#### Recorded data ####

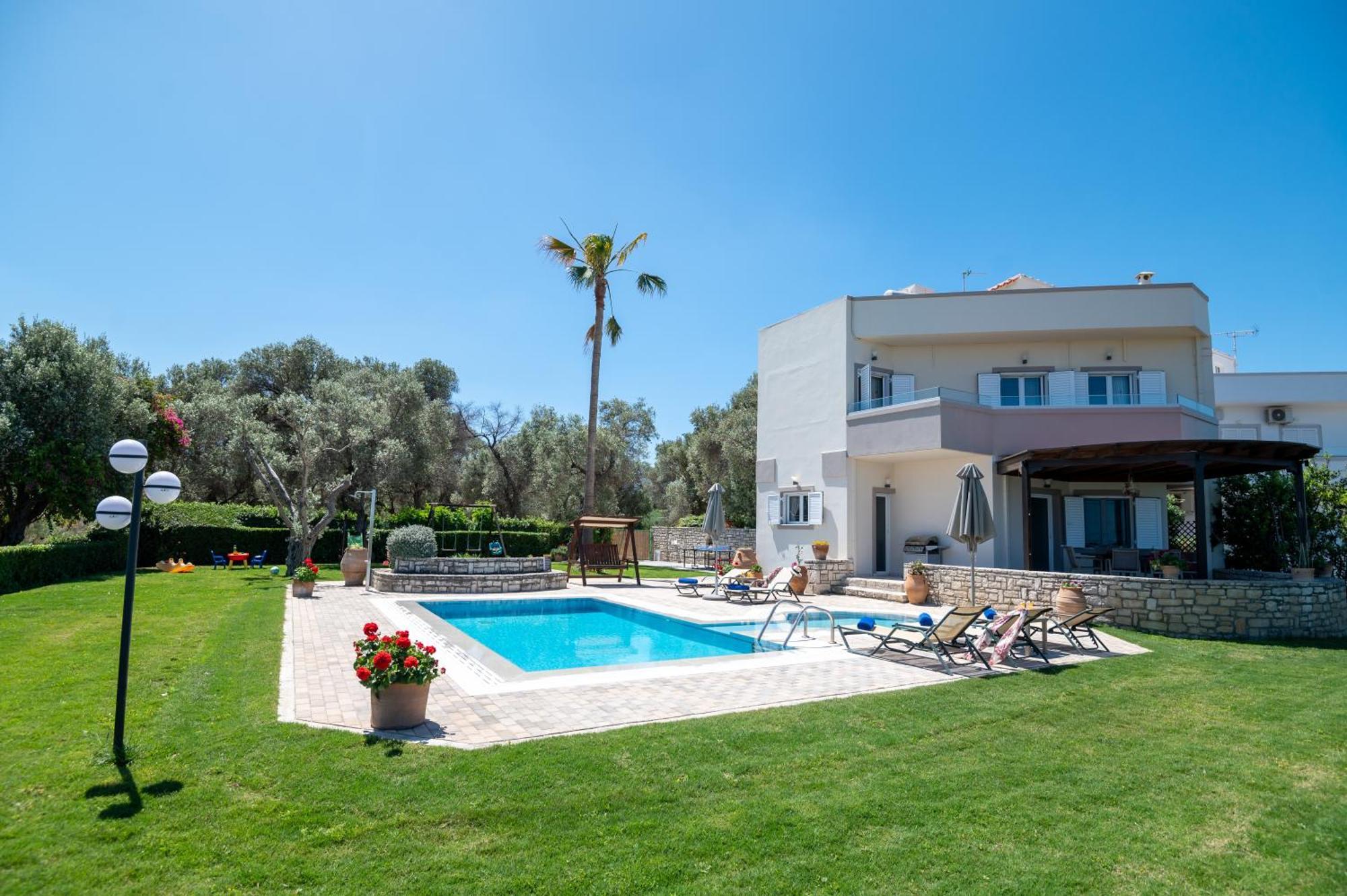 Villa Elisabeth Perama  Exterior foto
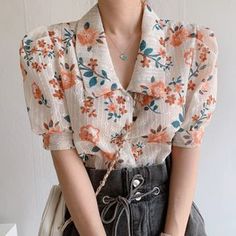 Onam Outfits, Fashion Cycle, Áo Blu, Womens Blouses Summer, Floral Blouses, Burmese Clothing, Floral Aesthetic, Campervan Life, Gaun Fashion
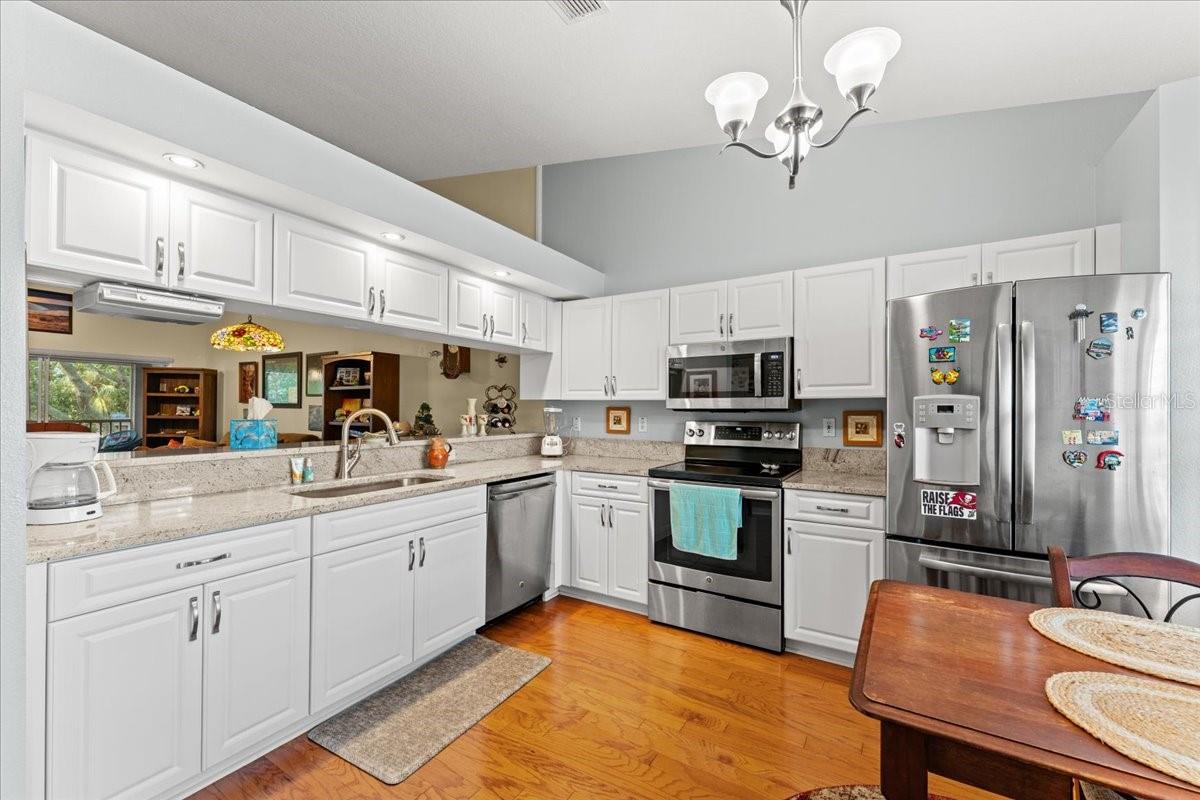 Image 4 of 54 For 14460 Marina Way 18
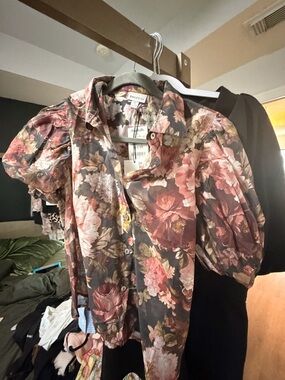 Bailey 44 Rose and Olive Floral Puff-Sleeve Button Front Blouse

####

* **What is required**
Where the line containing "Image 4 of 54 For 14460 Marina Way 18" appears, begin writing out the lines word for word, and continue through the last line of the data, leaving out pictures.

* **Answer section**
 Image 4 of 54 For 14460 Marina Way 18
 Bailey 44 Rose and Olive Floral Puff-Sleeve Button Front Blouse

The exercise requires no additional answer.